The second beam splitter 170 reflects some beams of the light reflected from the sample 300 to the spectrometer 190. The second beam splitter 170 serves to incident the rest beams of the light reflected from the sample 300 to the camera 180. The second beam splitter 170 may employ a beam splitter having a known structure.

The second relay lens 165 may be arranged between the analyzer 160 and the second beam splitter 170. The second relay lens 165 is a kind of zoom lens. The second relay lens 165 serves to assist the camera 180 to observe the image of the sample 300.

The signal processing computer 195 post-processes the signal received from the spectrometer 190 to calculate the physical properties of the thin film sample. The signal processing computer 195 may obtain a polarization factor of the sample 300 by performing simple arithmetic operation without Fourier transforming the signal received from the spectrometer 190. A method of obtaining the polarization factor will be described later. The signal processing computer 195 may form a measurement polarization curved surface having a polarization factor, a wavelength, and an incident angle component as three-dimensional coordinates using a signal received from the spectrometer 190. The thickness of the sample thin film may be obtained by comparing the similarity between the measured polarization curved surface and the calculated theoretical polarization curved surface. The signal processing computer 195 may also perform an operation of obtaining such a thin film thickness.

3. Principles of Operation of Ellipsometer in the Present Invention

(1) The Behavior of Light in the Back Focal Plane (FIGS. 3 and 4)

FIGS. 3 and 4 are conceptual views illustrating characteristics of a back focal plane 200 of an objective lens 150 in the present invention.

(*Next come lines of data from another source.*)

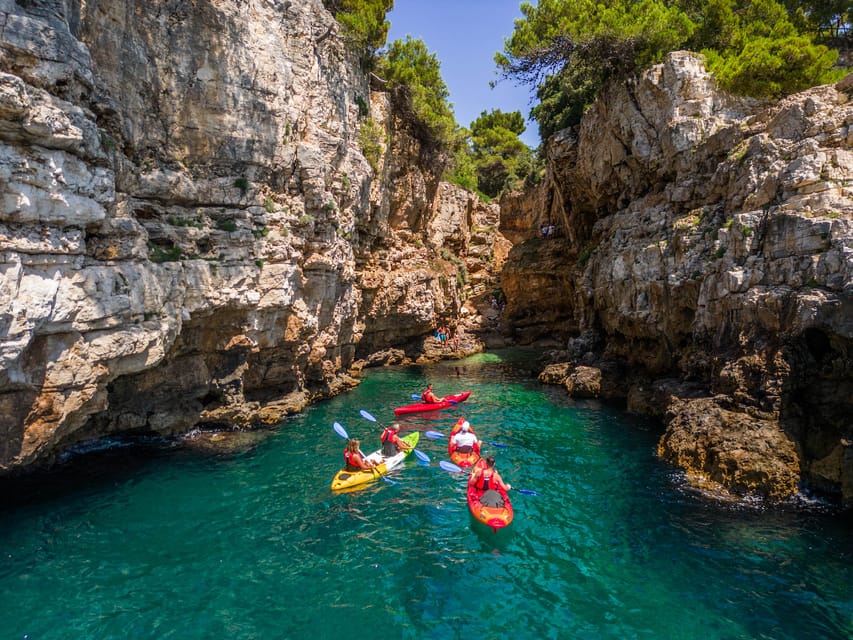 Pula: Kayak Adventure with Cave & Island Snorkeling - Entering Verudela Canyon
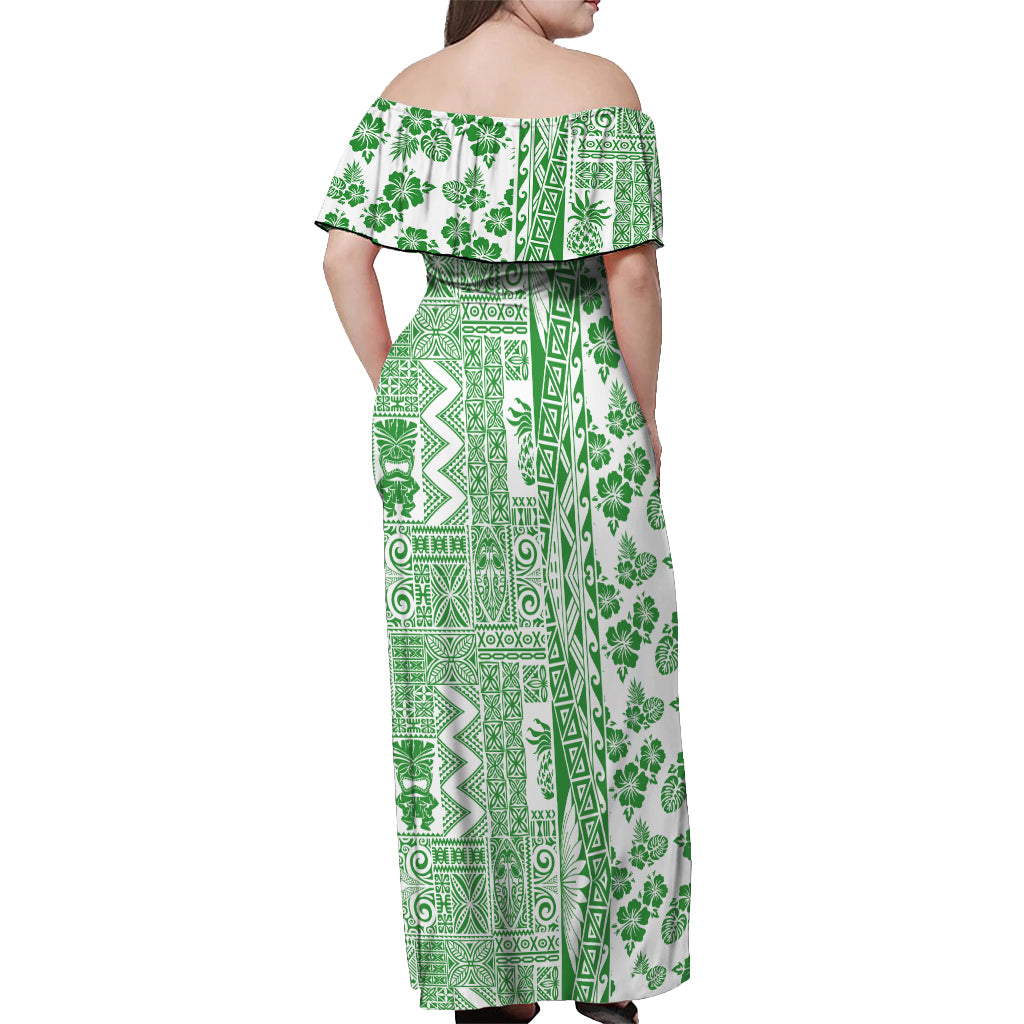 Hawaii Off Shoulder Maxi Dress Aloha Tropical Plants Tribal Pattern Green Version LT03 - Polynesian Pride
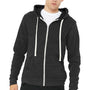 Bella + Canvas Mens Sponge Fleece Full Zip Hooded Sweatshirt Hoodie w/ Pockets - Charcoal Black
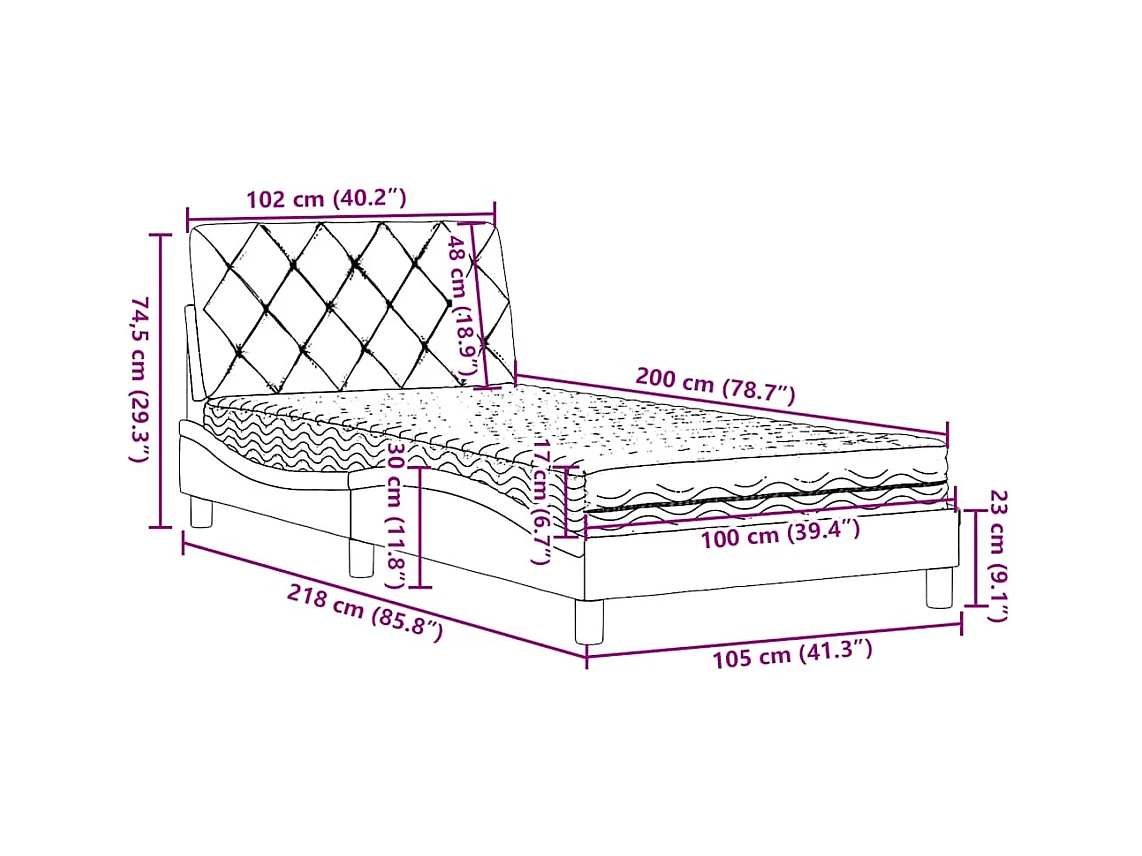 Bed met matras stof taupe 100x200 cm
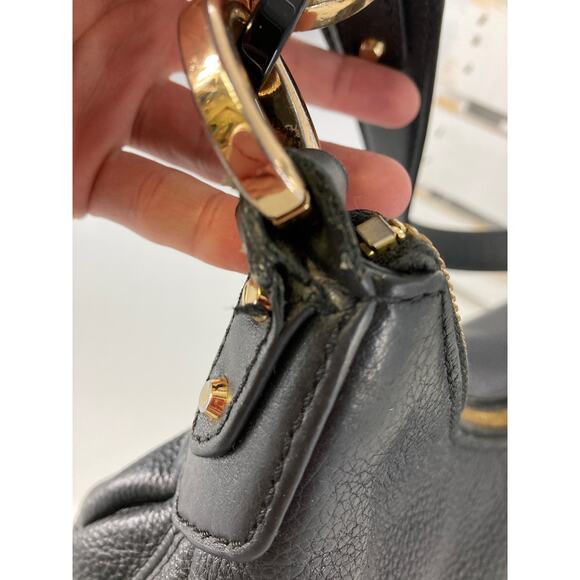 MICHAEL KORS, MEDIUM BLACK PEBBLED LEATHER SHOULDER BAG (ASIS) - Picture 9 of 16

FIG. 3 is a diagram for explaining that light incident at the same point on the back focal plane 200 is incident on the sample 300 at the same angle. The back focal plane 200, the objective lens 150 (simplified and displayed with a line for convenience of explanation), and the sample 300 of FIG. 2 are illustrated in FIG. 3. Three light paths are illustrated at points A and B on the optical path, and the solid lines from A and B pass through the left points on the back focal plane 200, the broken lines therefrom pass through the center points on the back focal plane 200, and the two-point dashed lines pass through the right points on the back focal plane 200. Although the starting points of the rays are different as A and B, each ray passing through the same point of the back focal plane 200 is incident to the sample 300 at the same angle through the objective lens 150. In other words, the rays (solid lines) passing through the left side of the back focal plane 200 at points A and B are incident at an angle of θ from the left when the rays are incident to the sample 300 through the objective lens 150, the rays (broken lines) passing through the middle of the back focal plane 200 are vertically incident on the sample 300 through the objective lens 150, and the rays (two-point dashed lines) passing through the right side of the back focal plane 200 are incident at an angle of θ from the right side when the rays are incident to the sample 300 through the objective lens 150.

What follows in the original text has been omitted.